Что выберешь ты? «Что выберу я?», – думала Нина. Она сидела на кровати Богдана, раскачиваясь как аутист. «Это дно», – проговаривала она снова и снова.
Села за детский столик, взяла листок и фломастер. Нужно составить план.
Встреча с Ильей помогла опуститься Нине на самую глубину. И она, достав ногами илистого дна, утонув в нем по колено, все-таки нашла силы оттолкнуться вверх. Она выплывет. У нее хватит сил. Она взрослая, она не может оставить детей одних в этом безумном мире.
Нина собиралась писать план, но вместо этого получилось письмо.
Здравствуй, Бог.
Знаешь что, я поняла несколько важных вещей.
Что справедливости, похоже, не существует. Иногда мир чудовищен, время беспощадно, и жизнь на нашей земле ко всему прочему наполнена страданиями, приводящими к смерти. И все не имеет смысла. Постичь это невозможно.
Но нам, людям, при всем при этом лучше стараться быть хорошими. Жить так, как будто бы ты, Бог, есть. Иначе становится невыносимо без ориентиров. Ориентиров нет, но их нужно постоянно придумывать. Иногда придумываются злые ориентиры, иногда получается придумать добрые. Но ты до конца так и не узнаешь, какой твой ориентир в итоге, добрый или злой, потому что нет никакого итога.
Итог тоже приходится придумывать – это просто остановка внутри бесконечной фразы из слов. Словом позже или словом раньше остановишься – меняется весь смысл. Которого и так нет в абсолюте.
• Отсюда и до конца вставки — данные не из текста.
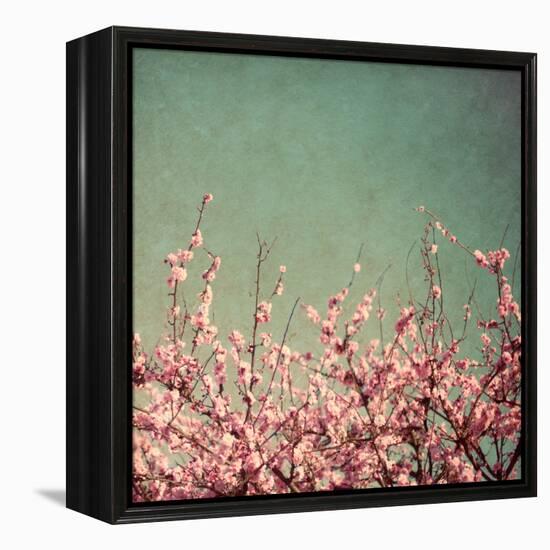 Springtime I-Susan Bryant-Framed Premier Image Canvas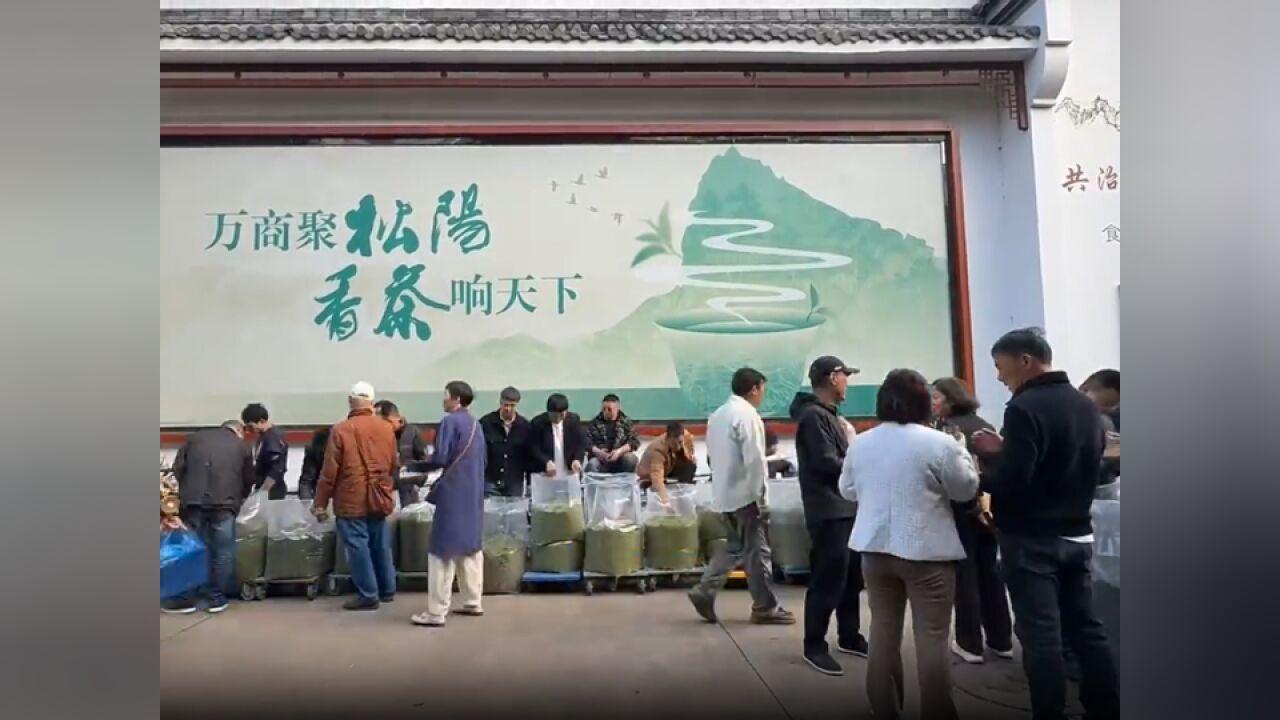 明前茶市忙 松阳浙南茶叶市场人头攒动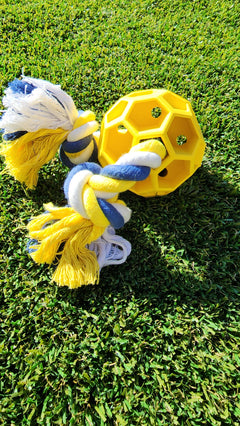 Dog toy with yellow and blue elements on grass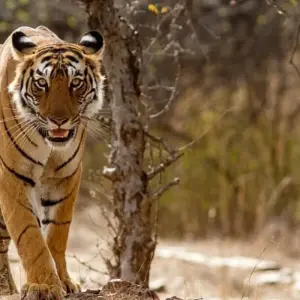 Explore Private Trip : 07 Days Golden Triangle Tour With Ranthambore Jungle Safar!!! for 7 days with  Taj Voyages Tours  and discover unforgettable experiences - Photo 11
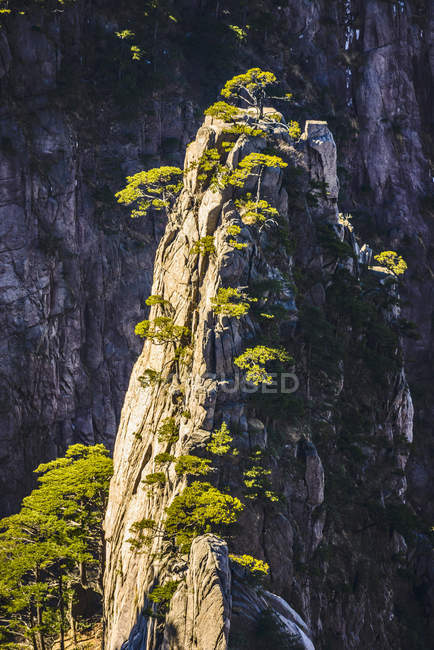 Bäume, die auf felsigen Bergen, Huangshan, Anhui, China wachsen — Stockfoto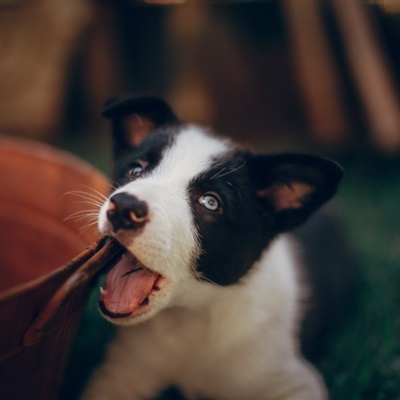 可爱牧羊犬头像 边境牧羊犬幼崽图片_5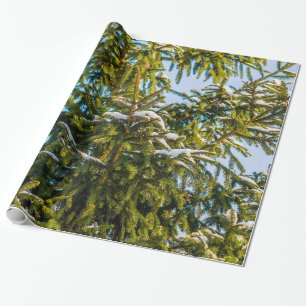 Groene kerstboom in sneeuw cadeaupapier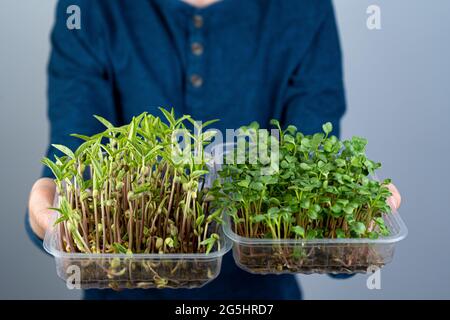 Tenez le micro-vert entre vos mains.Écrasez et écrasez les pousses d'arugula dans un plateau en plastique.Jardinage urbain.Nourriture végétalienne biologique.Vitamines utiles.Grandir à la maison.Feuilles.Faire pousser le micro-vert dans un bol. Banque D'Images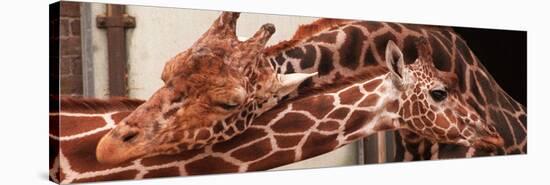 Two New Giraffe Calves Make Their First Apperance at London Zoo, October 1997-null-Stretched Canvas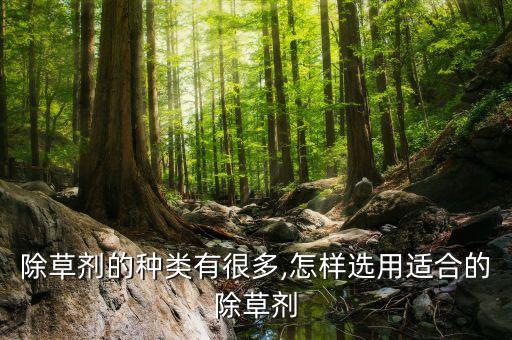除草劑的種類有很多,怎樣選用適合的除草劑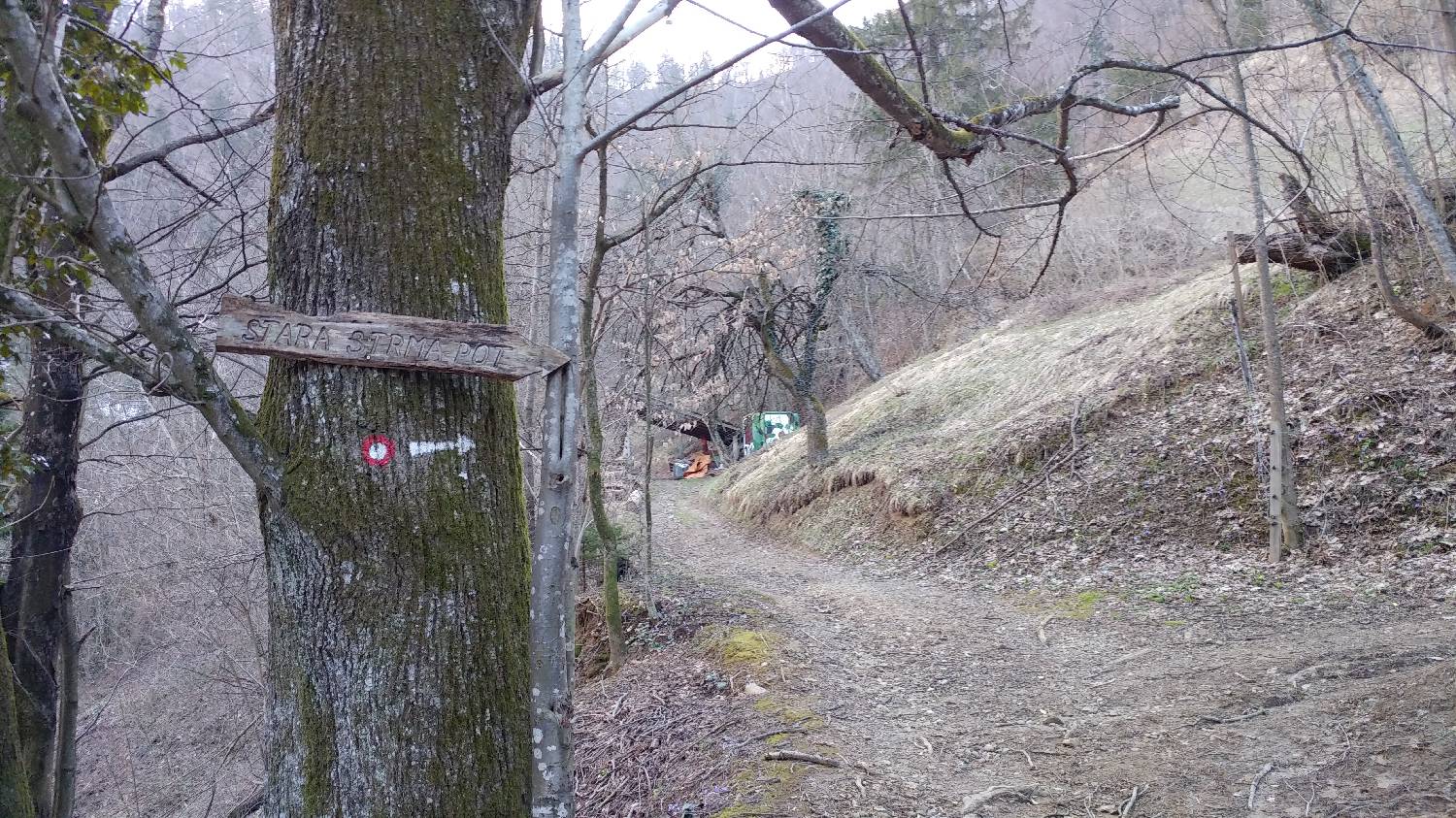 Horjul - Koreno slika 8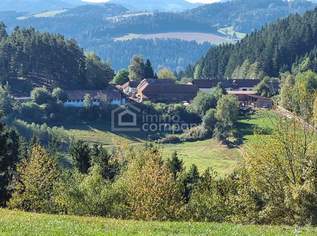 Mühlviertler Hof mit 15,2 ha in Alleinlage – Paradies für Visionäre, Familien & Gemeinschaftsprojekte, 910385 €, Immobilien-Gewerbeobjekte in 4294 Sankt Leonhard bei Freistadt Mühlviertler Hof mit 15,2 ha in Alleinlage – Paradies für Visionäre, Familien & Gemeinschaftsprojekte, 910385 €, Immobilien-Gewerbeobjekte in 4294 Sankt Leonhard bei Freistadt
В общем, как видишь, мои понимания тоже не особо меня продвигают к истинной сути. И тогда я думаю, может быть, вообще не надо понимать, а расти как трава, замерзать под снегом зимой и оттаивать к весне. Лучше, конечно, расти в том месте, где мир очень красив, и в то время, когда жизнь прекрасна. Лучше растворятся в непостижимой красоте твоего замысла. Но что делать, если перестал видеть красоту?
А еще, Бог, говорят, что ты давно уже внутри каждого из нас. Что ты залез в нашу нутрь. И там можно тебя найти и достучаться. И вроде бы, если стараться быть хорошим – тогда проще достучаться.
А еще я думаю, а вдруг мы тебя придумали, Бог? Что мы смотрели на красоту и на страдания. И не могли уместить все в себе. И тогда захотелось очень сильно, чтобы хоть кто‑то мог это все уместить. И тогда мы напряглись и придумали тебя. А ты тогда придумал нас. Или раньше придумал нас, а мы потом тебя придумали.
И продолжаем придумывать каждый день друг друга, чтобы это все продолжалось, не ломалась иллюзия того, что где‑то есть постижение.
А дальше случилось что‑то хорошее. Возможно, Бог услышал Нину. Или Нина услышала его. Наверное, такое бывает. Она начала возвращаться в себя. Все вдруг стало яснее и проще. План новой жизни состоял из нескольких слов, и каждое слово в нем отзывалось смыслом. Вернулась решительность, жизнь обрела ясность. Ей вдруг стало все понятно. Она настрочила список дел за несколько секунд и пошла собираться.